Here is an animation of one of my hydrodynamic simulations of photoevaporative disc winds. The animation shows the fiducial simulation, from Alexander, Clarke & Pringle (2006a) (see publications page). This simulation models the late evolution of a disc around a 1 solar-mass star, with aspect ratio H/R=0.05 and an ionizing flux of 10^41 photon/s, on a 400x200 cell grid. The ionized material has sufficient thermal energy to be unbound, and flows away from the disc surface as a photoevaporative wind. The animation shows the evolution of the disc over the first 500yr of the simulation, which corresponds to approximately 18.5 outer orbital periods. Aside from some initial transients (due primarily to the use of a numerical density floor in the initial conditions), the wind is very stable over the duration of the simulation. The animation plots the density of the disc as a colour scale, with the ionization front shown as a dashed line. Velocity vectors are plotted at regular intervals, but are omitted if they are very small or if the density at that point is below the minumum of the colour scale.

This animation shows the evolution of dust and gas during the clearing phase of protoplanetary disc evolution. The animation shows the high-viscosity (alpha=0.01) simulation from Alexander & Armitage (2007) (see publications page). The animation shows the differential motions of grains of different sizes due to turbulent diffusion and aerodynamic drag, calculated against the background of a gas disc that evolves subject to viscous diffusion and photoevaporative mass-loss. Further details of the calculations can be found in Alexander & Armitage (2007).
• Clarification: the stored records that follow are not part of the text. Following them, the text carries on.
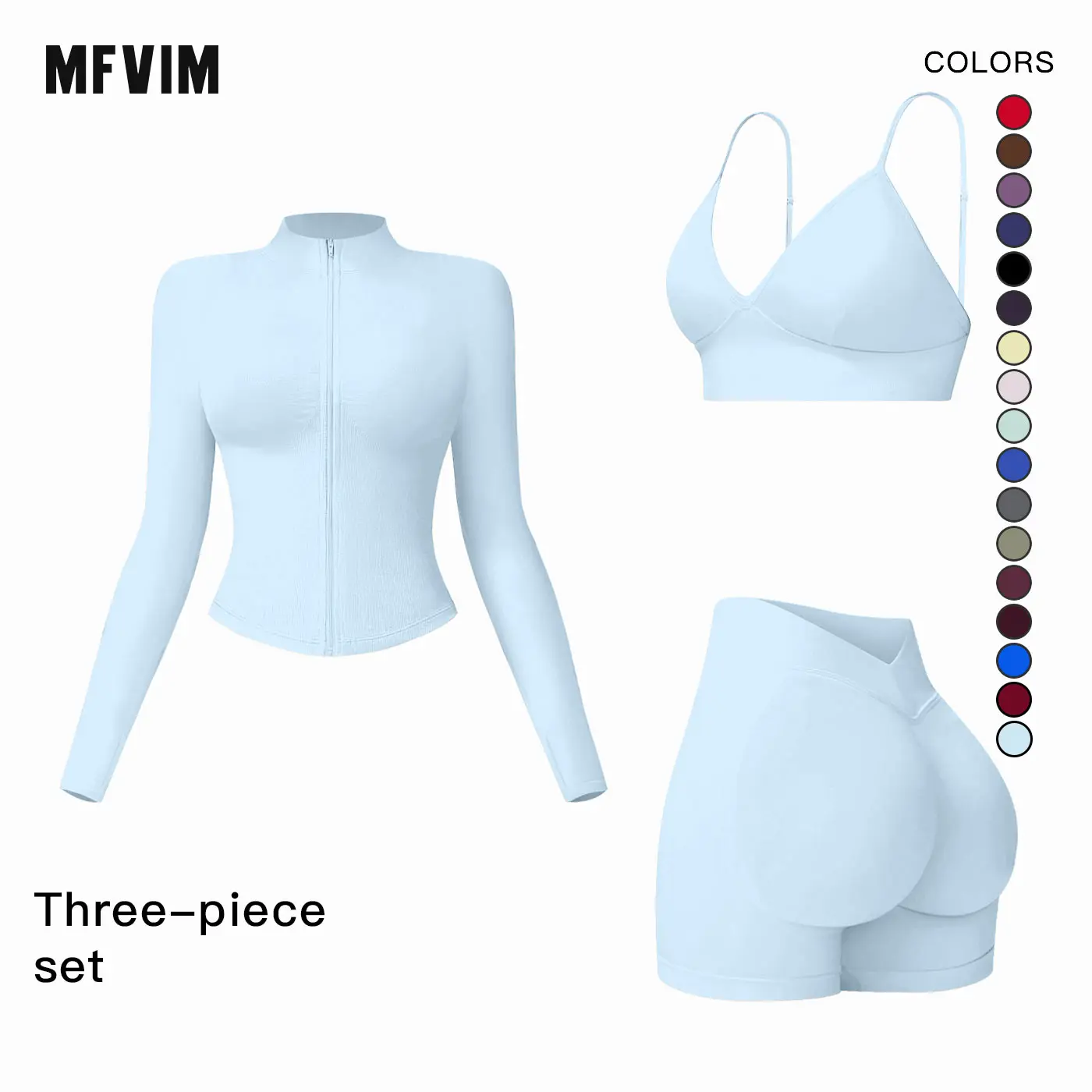 MFVIM Women's Sports Three-Piece Set Impact Compression High Waist Butt Lifting Yoga Pants for Running Yoga Everyday Workouts,summerwins,travel essentials,camping essentials,back to school,back to school haul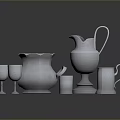Classic Silver Household Items Including Water Pitcher Cups And Wine Goblets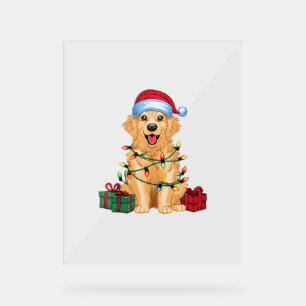 Kerstverlichting Santa Hat Golden Retriever Dog Ch Acryl Bord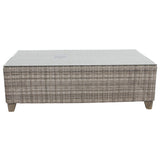 Sophy 131cm Wicker Rattan Outdoor Coffee Table 50cm Side Table Set - 45-Degree Angle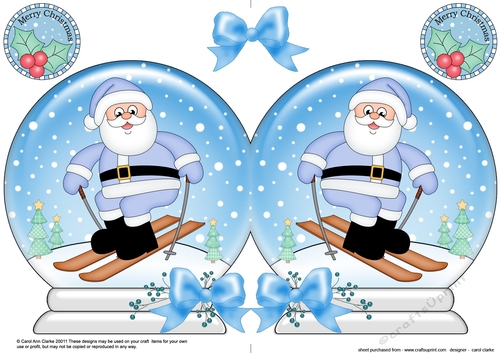 Christmas Snow Globe Shaped Card -  Santa is Skiing
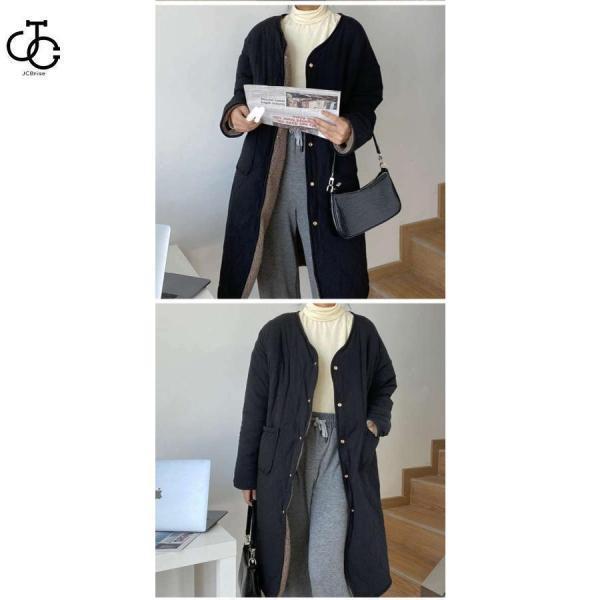 キルティングコート ボアコート ミドル丈 レディース リバーシブルコート 抜き襟 ノーカラー キルトコート あたたかいパイピングボア 防寒 | ブランド登録なし | 05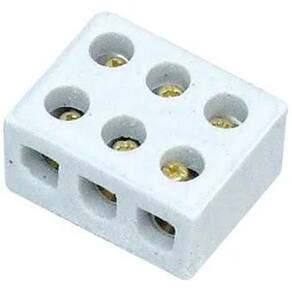 Conector Porcelana Tripolar 10 Mm 50 Un Foxlux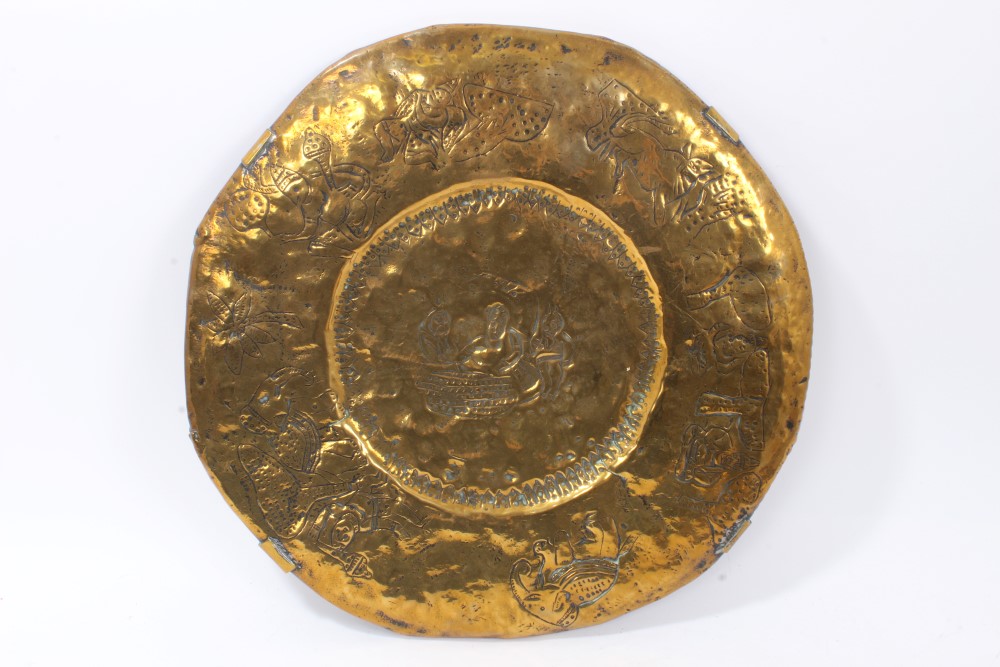 Five 19th Century Indian circular brass temple plates decorated in relief with Gods and figures, - Image 3 of 6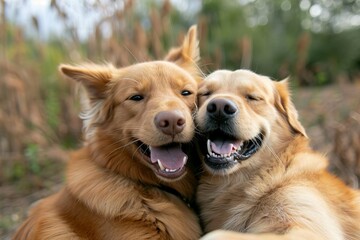 Two cheerful comical dogs take a selfie for the camera. 
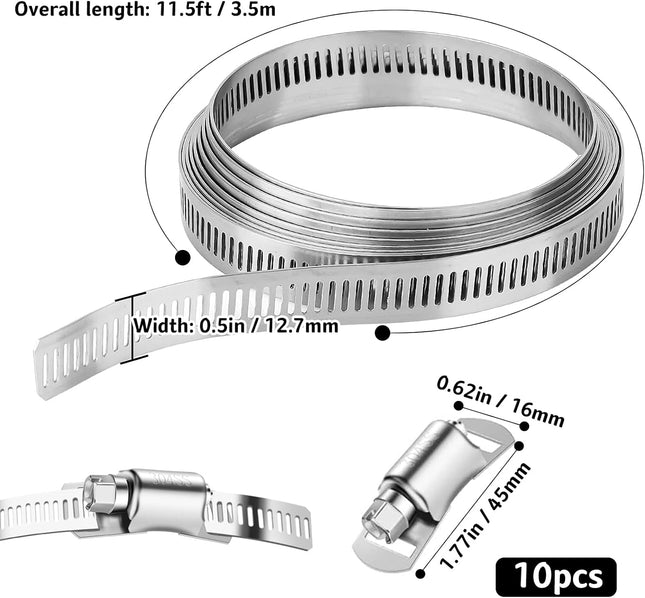 Hose Clamp DIY Adjustable Pipe Clamp 11.5FT 304 Stainless Steel Range Worm Gear Hose Clamp – product detail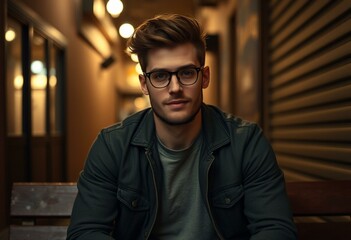 Obraz premium Relaxed male hipster in dimly lit alleyway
This animation shows the fragmentation of an eccentric accretion disc due to gravitational instabilties. The animation shows the results of the high-resolution simulation from Alexander et al. (2008) (see publications page). Surface density is shown on the colour scale, and the time is given in units of the orbital period at the inner disc boundary. The simulation was conducted using the Smoothed-Particle Hydrodynamics (SPH) code Gadget-2: this particular simulation used 5 million SPH particles to model the gas disc. The animation was rendered using SPLASH, created by Dan Price; further details of the calculations can be found in Alexander et al. (2008).

The beautiful image that adorns my homepage was also created from one of the simulations in this paper, although it was rendered purely for "artistic" purposes. It shows the column density in the fragmenting disc in one of the low-resolution runs with e=0.5, viewed from 15 degrees above the plane of the disc. A similar image, rendered from the same simulation, appears in this Science perspective by Phil Armitage.
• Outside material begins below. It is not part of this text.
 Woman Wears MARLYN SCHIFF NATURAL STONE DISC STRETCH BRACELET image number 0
These two animations show the effects of the cooling rate on the fragmentation of a self-gravitating accretion disc. The animations show the results of the two high-resolution simulations from Alexander, Armitage & Cuadra (2008) (see publications page) - the parameter τ determines the rate of cooling (low values result in faster cooling). The movies show the formation and fragmentation of a filament, and are plotted in a frame that is co-rotating with the disc at r=2. (Consequently, the disc shear flow moves upwards for r<2 and downwards for r>2.) Once again the simulations were conducted using Gadget-2, this time using 12.8 million SPH particles to model the gas disc, and the animations were again rendered using SPLASH. Further details of the calculations can be found in Alexander, Armitage & Cuadra (2008).
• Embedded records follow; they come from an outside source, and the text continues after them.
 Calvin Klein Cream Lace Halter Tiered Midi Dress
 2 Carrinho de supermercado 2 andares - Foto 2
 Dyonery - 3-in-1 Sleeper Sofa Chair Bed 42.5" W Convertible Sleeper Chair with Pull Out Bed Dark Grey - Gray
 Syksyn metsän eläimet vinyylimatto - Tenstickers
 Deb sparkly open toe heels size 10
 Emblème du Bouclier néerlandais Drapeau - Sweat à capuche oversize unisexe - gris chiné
This animation shows one of the results of our population synthesis modelling of planet migration in evolving gas discs, from Alexander & Armitage (2009) (see my publications page). The animation shows how the accretion rates evolve in a series of individual models with randomly-sampled initial conditions, and how we use large numbers of such models to build up a probability distribution for the population. Giant planets form randomly in a subset of 10% of the models and then migrate inwards, and the effect of the planets on the accretion rate is clearly visible. This particular animation shows the results of the SCALE model set, which provided the best fit to the observed data; further details of the calculationss can be found in Alexander & Armitage (2009).